DATA RECORDS:
+++

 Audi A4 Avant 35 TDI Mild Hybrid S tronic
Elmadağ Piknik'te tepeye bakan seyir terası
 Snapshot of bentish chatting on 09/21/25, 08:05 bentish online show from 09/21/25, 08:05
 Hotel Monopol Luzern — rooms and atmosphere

+++

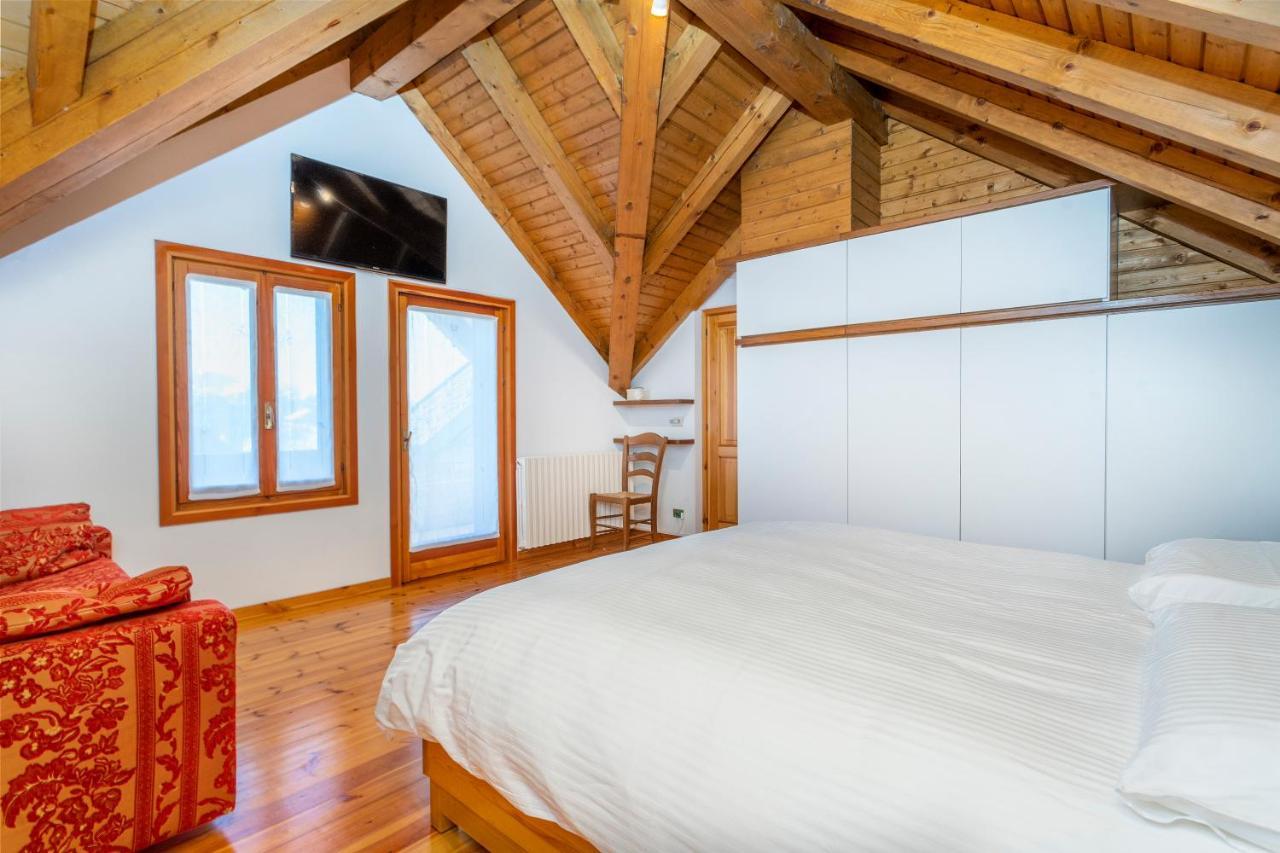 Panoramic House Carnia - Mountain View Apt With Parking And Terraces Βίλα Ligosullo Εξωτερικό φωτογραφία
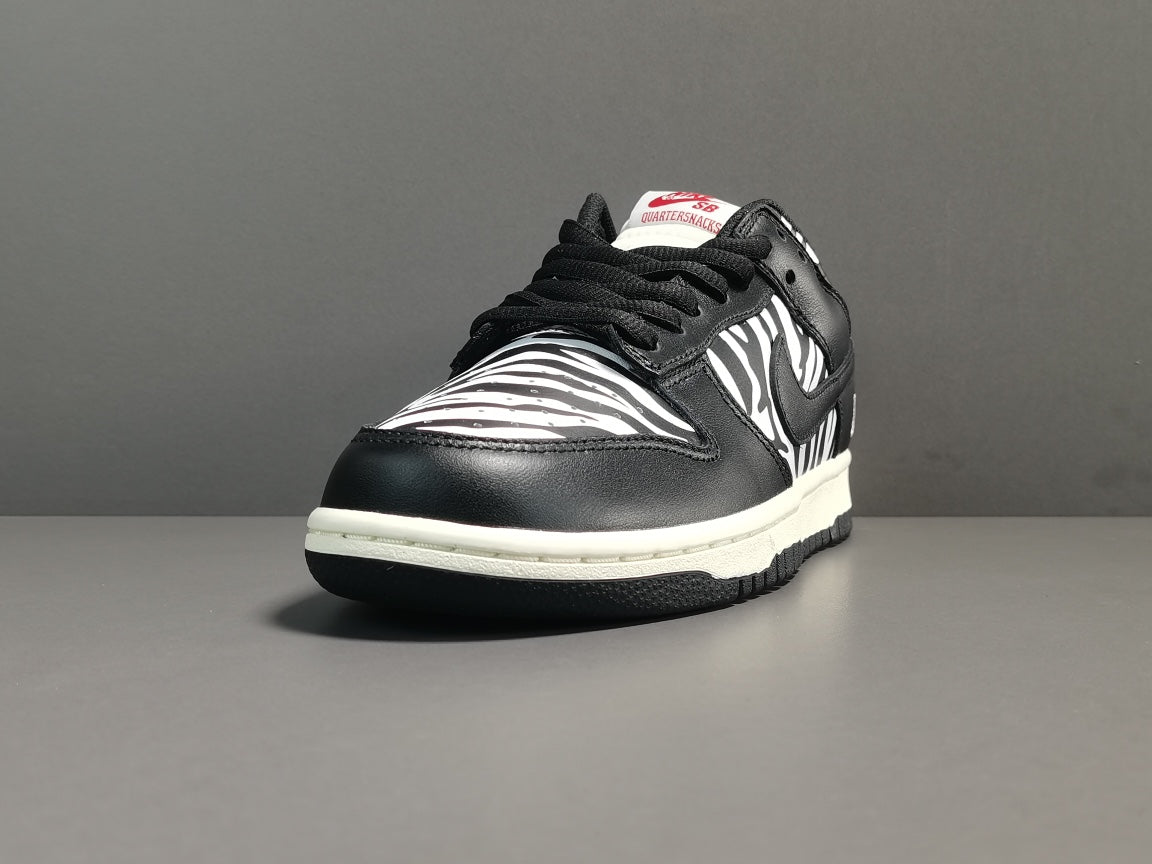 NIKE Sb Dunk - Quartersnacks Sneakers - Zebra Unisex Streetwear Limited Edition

+++

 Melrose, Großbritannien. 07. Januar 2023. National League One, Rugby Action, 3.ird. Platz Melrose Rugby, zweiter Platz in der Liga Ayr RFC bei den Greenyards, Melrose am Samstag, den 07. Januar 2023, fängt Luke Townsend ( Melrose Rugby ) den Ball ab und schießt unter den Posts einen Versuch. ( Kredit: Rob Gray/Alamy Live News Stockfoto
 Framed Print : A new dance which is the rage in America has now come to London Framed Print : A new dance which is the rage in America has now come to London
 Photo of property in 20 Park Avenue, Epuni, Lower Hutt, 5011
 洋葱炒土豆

+++

What do the lines above say from the one containing "Elmadağ Piknik'te tepeye bakan seyir terası" down to the one containing "Hotel Monopol Luzern — rooms and atmosphere"? Return them exactly, both end lines included, and only them.

YOUR RESPONSE:
Elmadağ Piknik'te tepeye bakan seyir terası
 Snapshot of bentish chatting on 09/21/25, 08:05 bentish online show from 09/21/25, 08:05
 Hotel Monopol Luzern — rooms and atmosphere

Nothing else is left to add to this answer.